Defining the Nature of an Attribute Being Measured

Instructor: Michael Gundlach
When we want to do a statistical study, we need to first figure out the nature of the thing we're trying to measure. We need to determine what attribute we're going to measure, and how we're going to measure that attribute. Figuring this out can be surprisingly complex.

What's for Lunch?

Imagine we're trying to figure out the most popular lunch at a local high school. How would we figure this out? If the high school isn't too large, we could talk to the whole student body. If the high school is big, though, perhaps it would only be feasible to talk to some of the students. How would we determine which students to talk to? What are we going to ask them? How are we going to determine which lunch is the most popular? These are the types of questions we need to ask when trying to develop a statistical study.

Populations and Attributes

To do a statistical study, we first need to determine what population we're going to study, and what attribute we're going to measure. A population is any group of people, animals, objects, etc. that we want to learn something about. An attribute of that population is a specific characteristic that can be measured in some way. In the example above, our population was the students at the local high school, and our attribute under investigation was favorite food.

The attributes we measure come in two main types, quantitative and categorical. Quantitative attributes are attributes we measure using numbers. For example, your height is a quantitative attribute. On the other hand, a categorical attribute is something measured without using numbers. For example, your favorite food is a categorical attribute.

Types of Studies

Once we've chosen our population and attribute, we need to figure out how we're going to collect the measurement. There are three main types of statistical studies: experiments, observational studies, and surveys.

In an experiment, we use some sort of treatment on the population and observe the result. For example, suppose we're trying to determine if wearing a red hat helps people run faster. We would split our study group into two groups, a treatment group and a control group. The treatment group receives the treatment, while the control group does not. In the red hats example, we give the treatment group red hats and the control group no hats, time them while they all run a mile, and compare their times.

An observational study is a study where an attribute of members of the population is examined but not influenced in any way. For example, if you wanted to determine how many people jaywalk across the street in front of a certain business, you could hang out at the business and count the number of jaywalkers.

A survey is a study where individuals in a population are asked questions and their responses are collected and compared. The study mentioned earlier, where we would ask high school students about their favorite lunch foods, is an example of a survey.

Sample Types

Once we've determined how we're going to study our population, we need to determine what members of the population will be studied. Any study that examines every member of a population is called a census. Since doing a census is often unfeasible, we often examine a sample, or part of the population. There are many ways a sample of a population can be selected.

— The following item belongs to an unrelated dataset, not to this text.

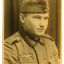 Portrait photo of German artillery soldier, war time period 0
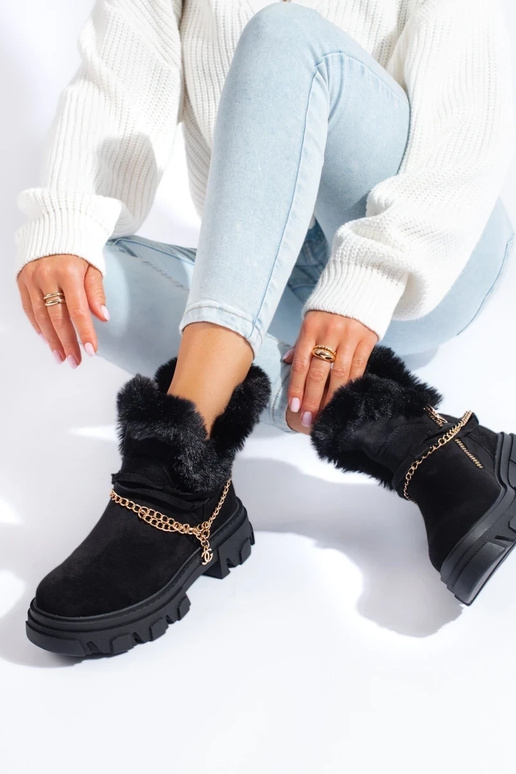 sapatos plataforma de camurça preta...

One of the most common ways a population is sampled is through a voluntary response sample. In this type of sample, people in a population can choose whether or not to participate. Telephone and email surveys are both examples of studies using a voluntary response sample.

Another type of sample is a convenience sample. This sampling method selects members of the population who are the most convenient to access. For example, you could conduct the lunch survey we talked about before by talking to the first ten students you encounter after walking into the lunchroom.

A systematic sample is where members of the population are picked in some systematic way to participate in the study. For example, you could conduct your lunch survey by getting a list of all the students in the high school and talking to every tenth student on the list.